In those countries and elsewhere, the TPP’s provisions for treating state-owned enterprises are new territory for U.S. trade pacts. “There were no SOEs in (earlier U.S. trade pacts in) Latin America, and this is completely new” in Asian trade agreements, said David Lewis, vice president of Washington-based consulting firm Manchester Trade. “There are very few experts about SOEs, so it is all learn as you go” because state-owned enterprises play a major role in Vietnam.

Much like other major trade agreements, the TPP negotiations have drawn accusations from Republicans and Democrats that they have been left largely in the dark about the details and complexities. A number of House Democrats — led by Connecticut’s Rosa DeLauro and California’s George Miller — also have voiced reluctance to approve a renewal of trade promotion authority, known as fast-track, which would require Congress to vote straight up or down on the text of the TPP.

In a letter to President Obama, the representatives said they would oppose trade promotion authority “or any other mechanism delegating Congress’s constitutional authority over trade policy that continues to exclude us from having a meaningful role in the formative stages of trade agreements and throughout negotiating and approval processes.” Separate TPA bills were introduced in the House and Senate this month.

House Ways and Means Chairman Dave Camp, R-Mich., meanwhile, has criticized the Obama administration for failing to consult with Congress on whether disciplines on currency manipulation should be included in trade agreements. The administration’s unwillingness to engage with lawmakers on the “politically and economically important” issue of currency manipulation, Camp warned, “will undermine support for TPP and could delay our ability to conclude TPP.”

What difference will it make that the TPP agreement did not emerge during 2013? Technically speaking, any specific deadline is arbitrary, but a more timely completion of a TPP draft might have given further encouragement to negotiators involved in the earlier stages of a wide-ranging free trade pact between the U.S. and the 28-nation European Union.

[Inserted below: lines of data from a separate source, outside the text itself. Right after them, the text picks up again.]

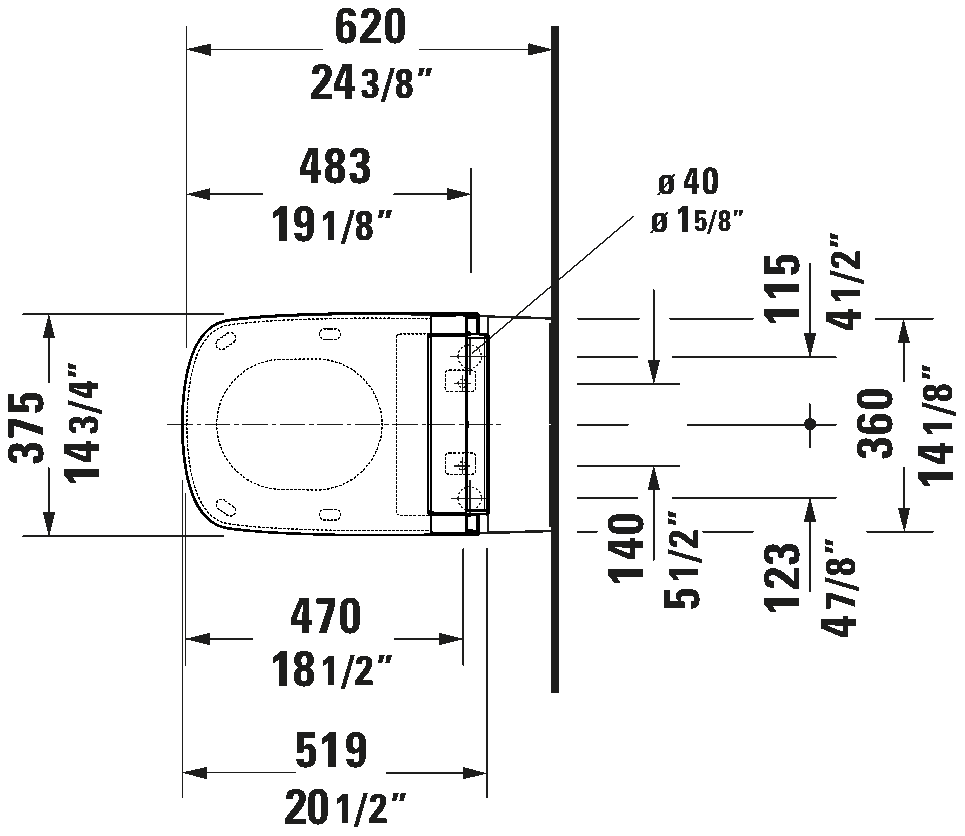 Duravit Durastyle Wall Hung Toilet for Sensowash #253759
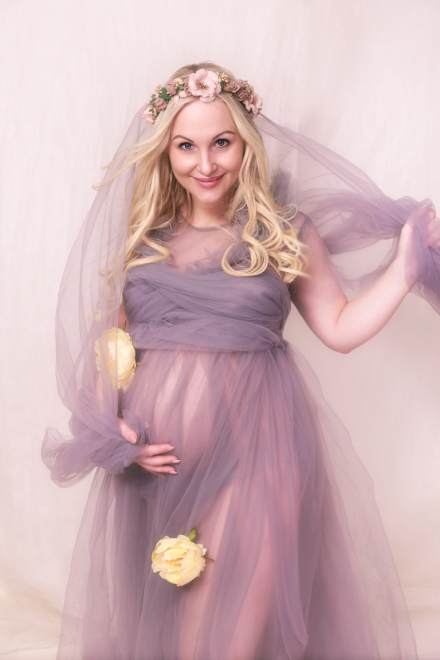 Babybauch Schwangerschaftsfotos Portfolio romantisch Kleid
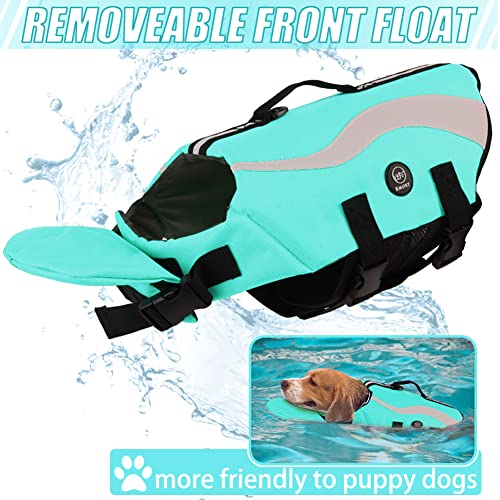 EMUST Dog Life Vests, Adjustable Dog Life Jackets for Small Dogs with Enhanced Buoyancy, Small Swim Vest with Durable Rescue Handle, Turquoise,XS - color: Turquoise, size: XS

Deregulating trans-Atlantic trade would create the world’s largest free trade area, primarily by reducing barriers in such sectors as services, foreign investment and regulatory issues. The TPP texts on these issues could serve as a template, some trade analysts believe.

Another consideration is the psychological toll of further delay. Donnelly said the experience of the moribund Doha Round of World Trade Organization negotiations “scares” many people who had high hopes for wide-ranging, multinational trade pacts during the past decade.

Launched in November 2001, the Doha Round gradually disappeared from radar screens after being postponed repeatedly. The logic behind setting a calendar deadline for TPP, Donnelly said, is, “Don’t let this just hang on. Let’s set a deadline” so that people are compelled to “come to the table with their final offers.”

Beyond that, this is also an election year in the U.S., further complicating the political equation of gaining popular support for the TPP. “But getting people to put their cards on the table first is really hard,” Donnelly said, referring to the proposals of national negotiators.

Assuming it’s ultimately approved, will the TPP really open new markets for U.S. exporters? Although it will lower tariffs with Japan, Malaysia and Vietnam while setting higher global standards for moving goods and services across multiple borders, there are no guarantees it will be a panacea. After all, “We live in a very tough, competitive world,” Dempsey said.

This much is clear, she adds: U.S. exporters need to operate in a global environment where treaties such as the TPP not only create but enforce higher standards governing investor-state provisions, state-owned enterprises, phytosanitary regulations and intellectual property protection.

Besides, she said, “If the U.S. does not join such an agreement, other countries will join it, and we will be left increasingly on the sidelines.”